To comply with the building regulations 'BR211 guidance on protective measures for new dwellings', the following approach should be adopted.
The requirement of a radon barrier is to prevent any radon gas entering a property. To ensure that this is achieved, it is necessary to follow some important, but straight-forward practices. Ideally, the use of a proprietary barrier is preferred to ordinary polythene, as it is normally of a superior quality material. The barrier must cover the whole footprint of the building including any external or internal cavities. Care must be taken to ensure that the barrier is laid on well blinded hardcore, or cleaned and swept suspended floor, and should be inspected for damage prior to covering with slab or screed.
Any damage to the barrier should be repaired using additional barrier, ensuring a 150mm lap. Where strips of barrier are incorporated into the external and internal walls at commencement, they must be suitably protected for the duration of the build until the main carpet of the barrier is installed. All laps should be sealed with butyl jointing tape, not adhesive tape, normally 50mm wide. The barrier should be as dry and clean as possible before applying the butyl tape. All penetration for services and drains should be sealed using preformed top hats, again sealed to the barrier with butyl tape. Where there are pile caps or stanchions, advice should be sought.

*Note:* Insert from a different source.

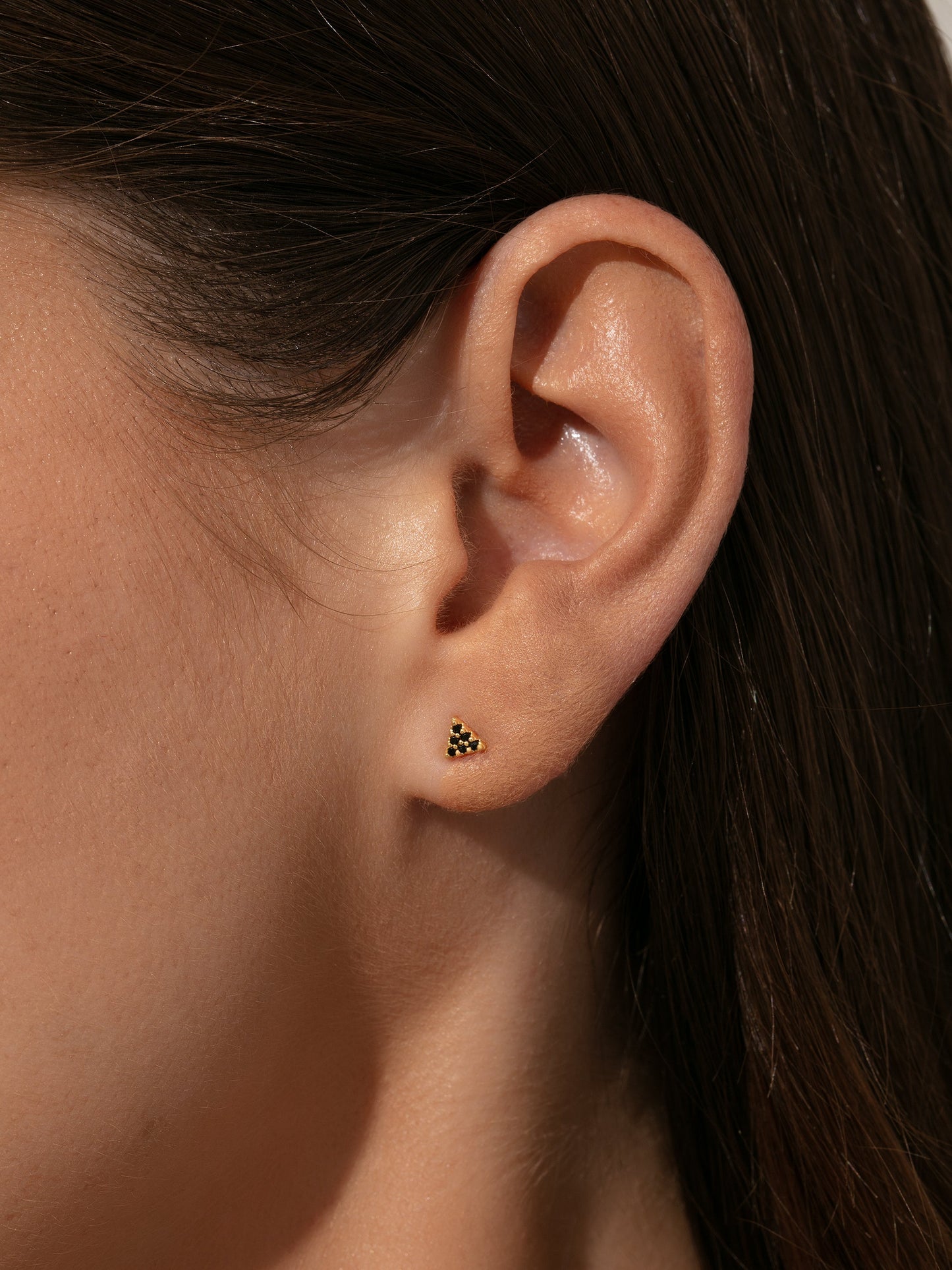 Black Beauty Triangle Stud Earrings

Corners can present difficulties, and again, products are available to assist in achieving the integrity required.A recent study has shown that a significant number of barriers failed to be radon proof, and with houses being tested for radon at conveyancing, it is essential that best practice be adopted. The full requirements for compliance with the building regulations can be found in the BRE document 'Radon: guidance on protective measures for new dwellings BR211'.